Correspondence analysis is appropriate when attempting to determine the proximal relationships among two or more categorical variables. Using correspondence analysis with categorical variables is analogous to using correlation analysis and principal components analysis for continuous or nearly continuous variables. They provide the research with insight as to the relationships among variables and the dimensions or eigenvectors underlying them. A key part of correspondence analysis is the multi-dimensional map produced as part of the output. The correspondence map allows researchers to visualize the relationships among categories spatially on dimensional axes; in other words, which categories are close to other categories on empirically derived dimensions.

Unlike correlation, correspondence analysis is nonparametric and does not offer a statistical significance test because it is not based on a distribution (or distributional assumption). Comparison of different models (e.g. different variables entered/removed) should be done with categorical or logistic regression. Again, correspondence analysis requires categorical variables only. Correspondence analysis accepts nominal variables, ordinal variables, and/or discretized interval - ratio variables (e.g. quartiles), although creating discrete categories from a continuous variable is generally discouraged.

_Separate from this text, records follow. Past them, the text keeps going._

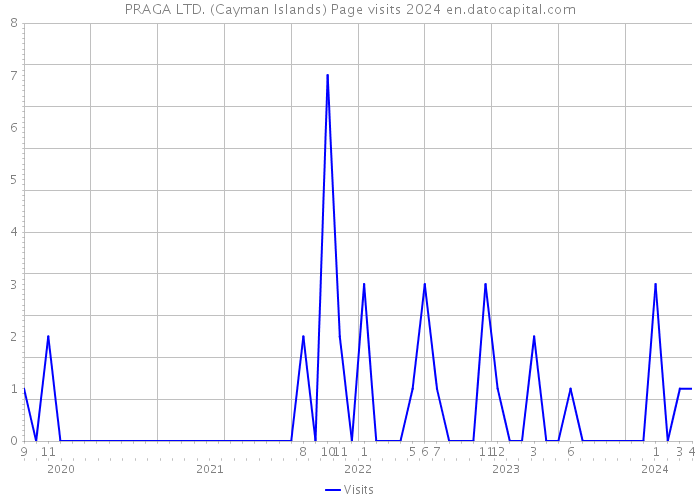 PRAGA LTD. (Cayman Islands) Page visits 2024 
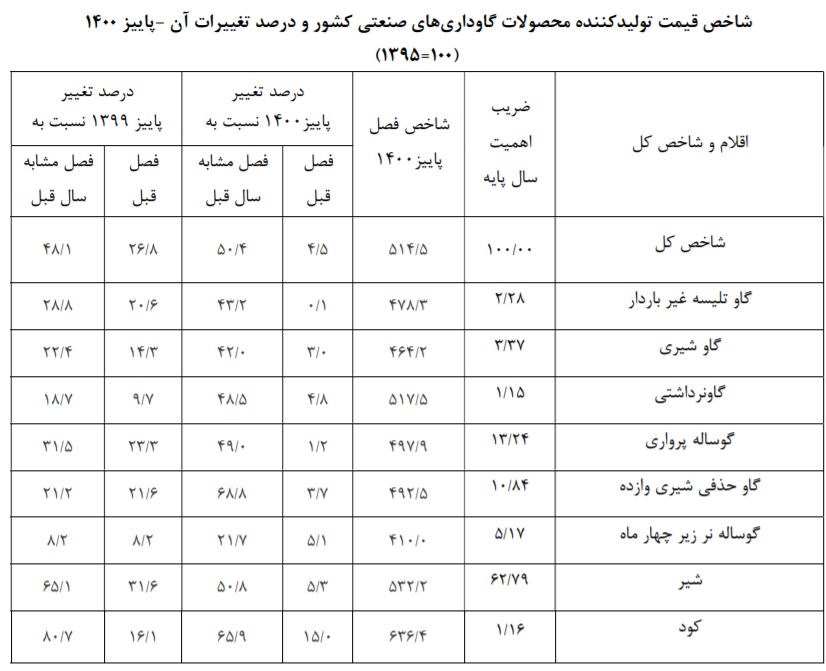 قیمت تولید محصولات گاوداری ۳۲ درصد کاهش یافت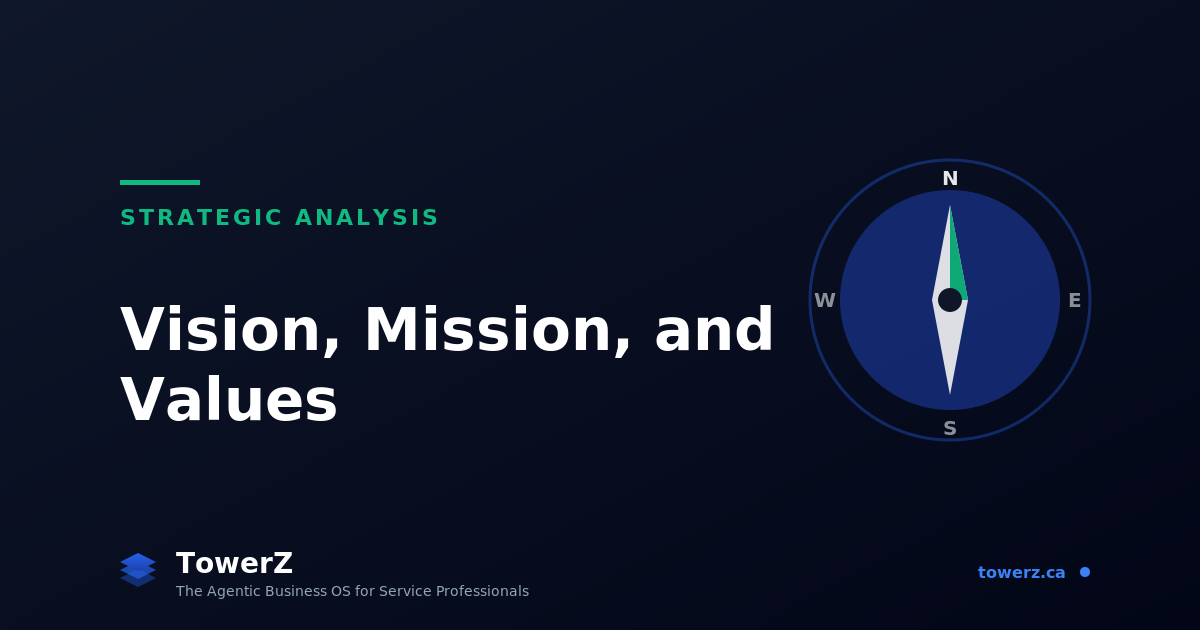 A practical guide to writing a vision, mission, and core values your team can actually use, with real examples across different kinds of businesses and a 60-second AI generator inside TowerZ.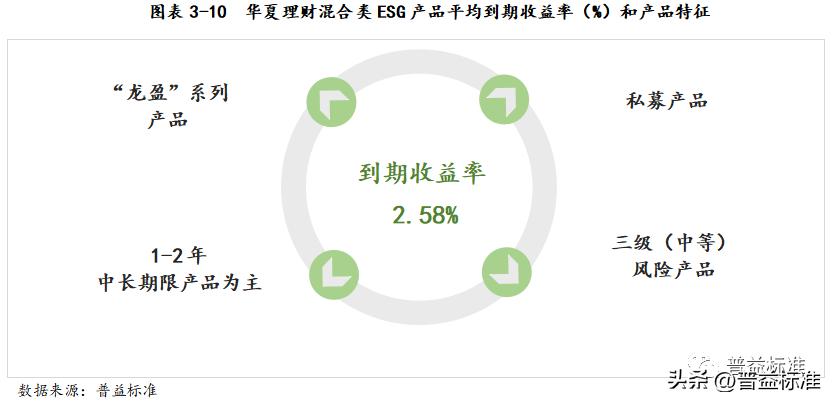 省内银行esg主题理财产品悄然问世,esg理财产品排行榜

For the duration of this tutorial we will be using the IntroPsych_Fall2009.sav file; which is fictitious and contains 1500 participants' responses on the following variables: code (sequential numbers which identify each participant); sex; age; family_income (four income brackets); HS_GPA (high school grade point average brackets); IQ (intelligence as measured by the Wechsler-Adult Intelligence Scale version IV); class_standing (freshman, sophomore, junior, senior); drinks_week (number of alcoholic drinks consumed in a typical week); confidence (self rating of how much confidence the student has in their ability to achieve desired grades in college courses [possible range: 0-20]); hardworker (self rating of how much effort the student puts toward their college classes [possible range: 0-20]); number_grade (numeric course grade for the Introduction to Psychology course); final_grade (course letter grade for the Introduction to Psychology course).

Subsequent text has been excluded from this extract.